А весной 1945-го – вдвоем сбежали из лагеря. И вот дальше идет поразительно напряжённая и трагичная история их бегства – пешком – через всю Германию: Каванна надеялся довести Машу до западного фронта, а там перебраться через него и дойти до Франции. Шли они только ночами, а днем прятались в разрушенных немецких фермах, по подвалам и сеновалам, питались заквашенной в силосных ямах брюквой и остатками кормового овса на случайных разбомбленных хуторах.

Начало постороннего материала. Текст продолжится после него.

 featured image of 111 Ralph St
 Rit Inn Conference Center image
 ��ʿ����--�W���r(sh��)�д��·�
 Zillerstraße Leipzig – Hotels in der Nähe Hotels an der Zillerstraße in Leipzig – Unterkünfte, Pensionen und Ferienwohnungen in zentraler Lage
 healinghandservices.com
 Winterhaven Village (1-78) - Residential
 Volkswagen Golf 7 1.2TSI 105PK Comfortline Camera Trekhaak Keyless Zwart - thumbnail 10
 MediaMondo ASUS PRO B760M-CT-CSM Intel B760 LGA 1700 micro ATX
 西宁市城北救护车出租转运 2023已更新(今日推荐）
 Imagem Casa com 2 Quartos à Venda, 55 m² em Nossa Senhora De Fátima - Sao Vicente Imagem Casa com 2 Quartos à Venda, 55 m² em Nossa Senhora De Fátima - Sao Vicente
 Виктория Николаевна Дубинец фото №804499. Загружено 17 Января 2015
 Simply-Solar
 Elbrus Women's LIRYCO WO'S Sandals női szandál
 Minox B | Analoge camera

И вот однажды, уже совсем недалеко от линии фронта, Франсуа все-таки решается днем выйти на поиски какого-то пропитания, оставляет Машу одну на очередной пустой ферме, а когда возвращается, – узнает, что через деревню прошла группа советских разведчиков, и что Машу они случайно нашли и увезли с собой.

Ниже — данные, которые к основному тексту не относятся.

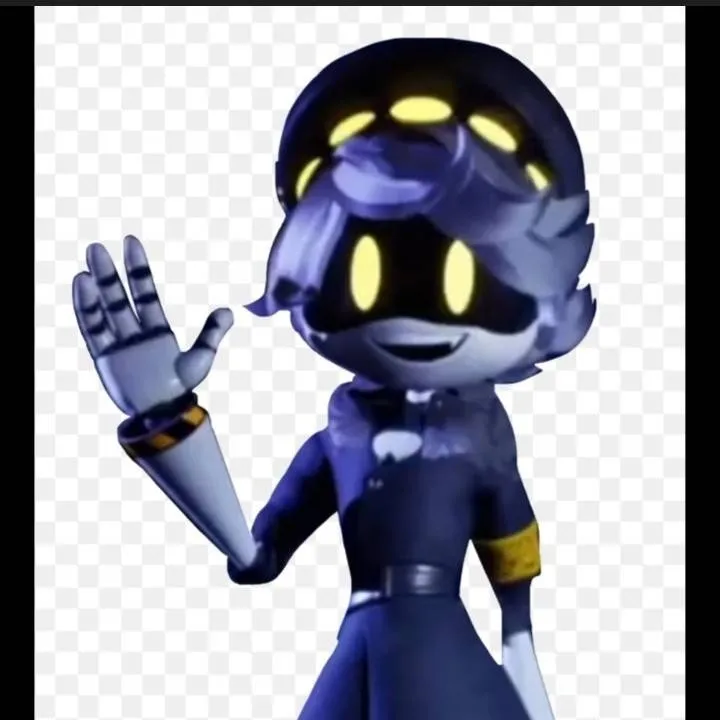 chat with ai character: kpdh x md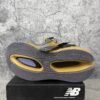 New Balance FuelCell C_1 Stone Island TDS Brown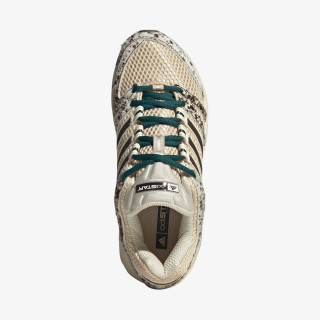 adidas Спортни обувки ADISTAR CONTROL 5 W 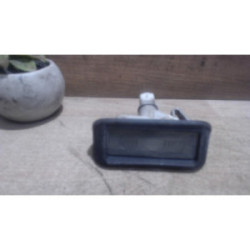 Eclairage de plaque PEUGEOT PARTNER 2 PHASE 1 d’occasion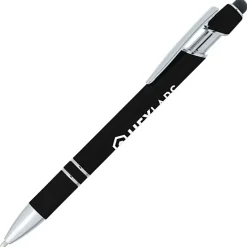 Roslin Incline Stylus Pen - Metallic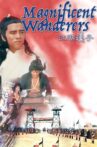 Magnificent Wanderers Movie Streaming Online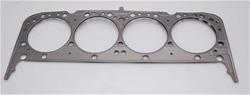 Cometic C5245-030 - Cometic Head Gaskets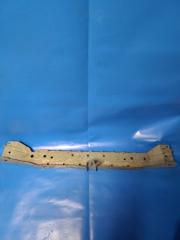 Панель передняя LEAF 10-17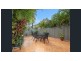 34/2 St Kevins Avenue, Benowa QLD 4217
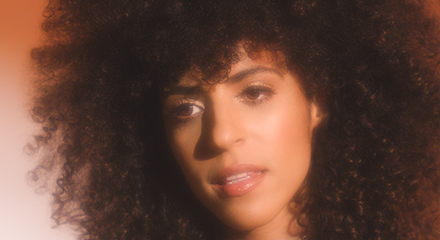 VIDEO PREMIERE: GAVIN TUREK – “GOOD LOOK FOR YOU”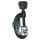 1/8" to 1-1/8" Tube Cutter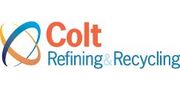 Colt Refining & Recycling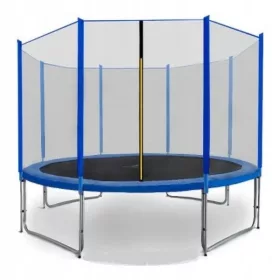  Plasa de schimb pentru trambulina SPARTAN 305 cm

Дальше Каванна проделывает весь свой путь обратно – уже с запада на восток – в погоне за девушкой, которую передают в специальную армейскую команду, собирающую по оккупированной Германии советских военнопленных для отправки их обратно в СССР. Машу под конвоем перевозят сначала на маленький сборный пункт, потом в центр сбора побольше, потом в лагерь перемещенных лиц. Каванна каждый раз опаздывает на несколько часов туда, где она только что была, но откуда ее вот-вот сейчас опять увезли. Наконец он узнает, что опоздал окончательно: Машу с большой группой депортированных русских женщин погрузили в эшелон, составленный из вагонов для скота, и увезли окончательно на восток.
Каванна вернулся домой, во Францию, и потом двадцать лет пытался найти Марию Иосифовну Татарченко, о которой знал только, что она происходит из деревни где-то между Харьковской и Белгородской областью, и что она приблизительно 1924-го года рождения. Писал всюду, куда мог добраться. Однажды приехал, чтоб продолжать поиски, в СССР. Никакого ответа ни откуда не добился. Ничего не нашел.
И от отчаяния написал свою полную нежности и любви книгу, на минуту разрушив образ безжалостного циника, который сооружал всю жизнь. В посвящении «Les Ruscoffs» стояло: «Марии Иосифовне Татарченко – где бы она сейчас ни была…»
Кстати, книга однажды вышла и у нас – правда, очень поздно, только в 2004 году, да и в довольно неудачном переводе: называлась «Русачки». Жанр почему-то был обозначен как «женский роман»… Поищите, если любопытно. Но такого пронзительного отчаяния, как во французском оригинале, в ней нет.
Ну и потом, надо знать, кто такой Каванна, чтобы оценить это удивительное и странное движение жестокой, просоленной, проспиртованной души безжалостного шута и циника.